_Data to process:_
= Beginning of Section =
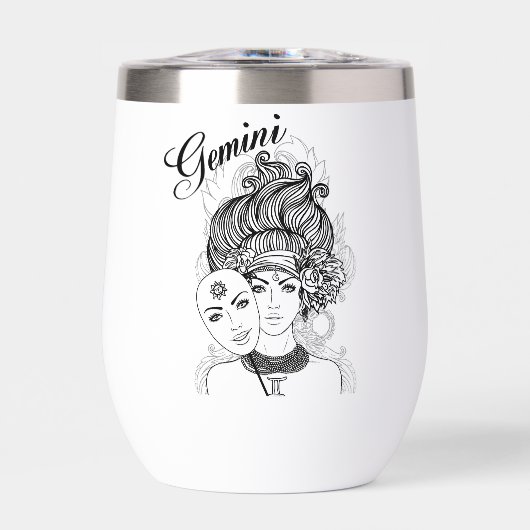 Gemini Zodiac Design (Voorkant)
= End of Section =
= Beginning of Section =
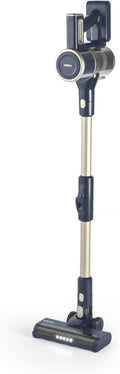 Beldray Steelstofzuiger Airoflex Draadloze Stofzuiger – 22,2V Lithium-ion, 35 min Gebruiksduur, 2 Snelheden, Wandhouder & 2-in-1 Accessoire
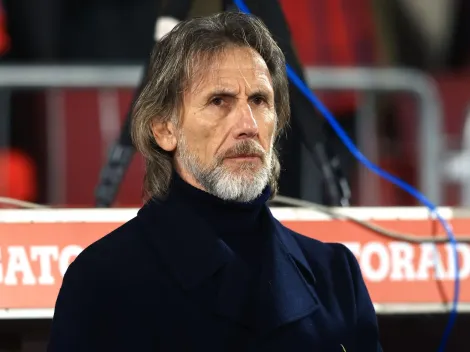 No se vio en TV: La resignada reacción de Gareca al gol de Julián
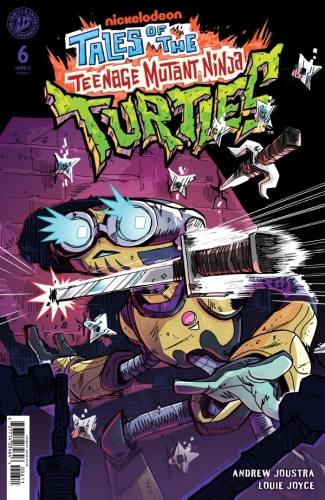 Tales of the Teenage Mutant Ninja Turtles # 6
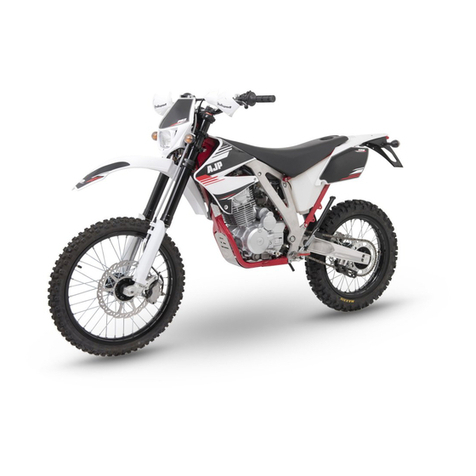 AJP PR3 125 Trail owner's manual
= End of Section =
What are the lines above from the one with "Tales of the" to the one with "AJP PR3 125 Trail owner's manual", both included? Reproduce them exactly, without pictures.

_Answer to the problem:_
 Tales of the Teenage Mutant Ninja Turtles # 6
 AJP PR3 125 Trail owner's manual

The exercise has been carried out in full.